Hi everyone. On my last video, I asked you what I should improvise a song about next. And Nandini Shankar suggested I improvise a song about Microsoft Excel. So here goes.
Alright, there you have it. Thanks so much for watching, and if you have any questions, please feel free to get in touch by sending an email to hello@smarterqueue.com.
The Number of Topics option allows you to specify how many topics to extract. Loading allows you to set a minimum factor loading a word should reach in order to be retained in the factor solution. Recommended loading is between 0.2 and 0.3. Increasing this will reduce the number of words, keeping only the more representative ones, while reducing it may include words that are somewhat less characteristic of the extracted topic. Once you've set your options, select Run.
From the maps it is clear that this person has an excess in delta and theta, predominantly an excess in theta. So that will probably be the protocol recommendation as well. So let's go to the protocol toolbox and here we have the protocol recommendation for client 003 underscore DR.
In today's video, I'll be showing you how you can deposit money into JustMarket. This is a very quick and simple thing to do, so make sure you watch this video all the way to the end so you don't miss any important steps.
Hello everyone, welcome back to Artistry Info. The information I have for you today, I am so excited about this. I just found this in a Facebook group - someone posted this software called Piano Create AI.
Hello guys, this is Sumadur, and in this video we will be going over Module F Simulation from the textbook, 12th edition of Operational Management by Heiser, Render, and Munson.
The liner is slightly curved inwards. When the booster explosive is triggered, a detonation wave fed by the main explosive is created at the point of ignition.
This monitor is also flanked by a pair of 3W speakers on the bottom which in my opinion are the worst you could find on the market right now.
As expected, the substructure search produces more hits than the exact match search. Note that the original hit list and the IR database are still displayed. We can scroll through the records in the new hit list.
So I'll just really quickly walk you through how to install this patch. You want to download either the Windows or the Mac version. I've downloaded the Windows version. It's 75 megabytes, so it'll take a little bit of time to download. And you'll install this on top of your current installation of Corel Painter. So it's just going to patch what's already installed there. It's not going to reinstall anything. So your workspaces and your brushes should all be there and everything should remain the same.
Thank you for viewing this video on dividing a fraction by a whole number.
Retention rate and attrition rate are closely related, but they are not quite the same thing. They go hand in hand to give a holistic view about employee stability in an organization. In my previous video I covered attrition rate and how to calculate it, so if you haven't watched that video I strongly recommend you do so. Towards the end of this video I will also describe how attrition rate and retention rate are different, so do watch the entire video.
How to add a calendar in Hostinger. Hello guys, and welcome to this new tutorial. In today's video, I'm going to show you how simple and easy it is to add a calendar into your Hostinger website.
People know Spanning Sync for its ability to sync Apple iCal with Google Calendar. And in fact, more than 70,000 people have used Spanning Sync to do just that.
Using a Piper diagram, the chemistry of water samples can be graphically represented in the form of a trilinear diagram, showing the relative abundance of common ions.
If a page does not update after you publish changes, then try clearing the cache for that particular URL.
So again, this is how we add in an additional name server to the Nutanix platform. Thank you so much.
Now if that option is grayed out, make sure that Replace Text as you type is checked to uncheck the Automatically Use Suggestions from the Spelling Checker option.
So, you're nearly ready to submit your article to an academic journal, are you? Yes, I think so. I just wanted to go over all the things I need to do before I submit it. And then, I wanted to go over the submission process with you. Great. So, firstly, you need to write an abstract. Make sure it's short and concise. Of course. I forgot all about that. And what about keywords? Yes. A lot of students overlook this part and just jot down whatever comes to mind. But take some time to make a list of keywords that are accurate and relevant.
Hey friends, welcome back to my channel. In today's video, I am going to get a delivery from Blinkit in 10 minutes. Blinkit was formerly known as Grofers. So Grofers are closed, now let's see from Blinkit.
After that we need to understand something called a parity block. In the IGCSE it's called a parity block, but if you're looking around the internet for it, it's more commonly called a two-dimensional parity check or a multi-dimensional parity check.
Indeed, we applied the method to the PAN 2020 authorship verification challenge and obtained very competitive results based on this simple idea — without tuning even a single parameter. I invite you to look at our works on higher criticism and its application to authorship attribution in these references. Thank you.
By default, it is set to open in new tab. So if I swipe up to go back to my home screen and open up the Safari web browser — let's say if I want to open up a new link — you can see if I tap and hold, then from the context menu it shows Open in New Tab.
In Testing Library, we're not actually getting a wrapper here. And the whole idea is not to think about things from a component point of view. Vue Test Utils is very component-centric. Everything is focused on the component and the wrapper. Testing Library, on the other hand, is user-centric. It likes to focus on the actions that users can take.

## ABOUT THIS EXERCISE
Using the entries above, give again exactly the lines from the line holding "Hello guys, this" through the line holding "As expected, the". Include both end lines and nothing else.

## ANSWER
Hello guys, this is Sumadur, and in this video we will be going over Module F Simulation from the textbook, 12th edition of Operational Management by Heiser, Render, and Munson.
The liner is slightly curved inwards. When the booster explosive is triggered, a detonation wave fed by the main explosive is created at the point of ignition.
This monitor is also flanked by a pair of 3W speakers on the bottom which in my opinion are the worst you could find on the market right now.
As expected, the substructure search produces more hits than the exact match search. Note that the original hit list and the IR database are still displayed. We can scroll through the records in the new hit list.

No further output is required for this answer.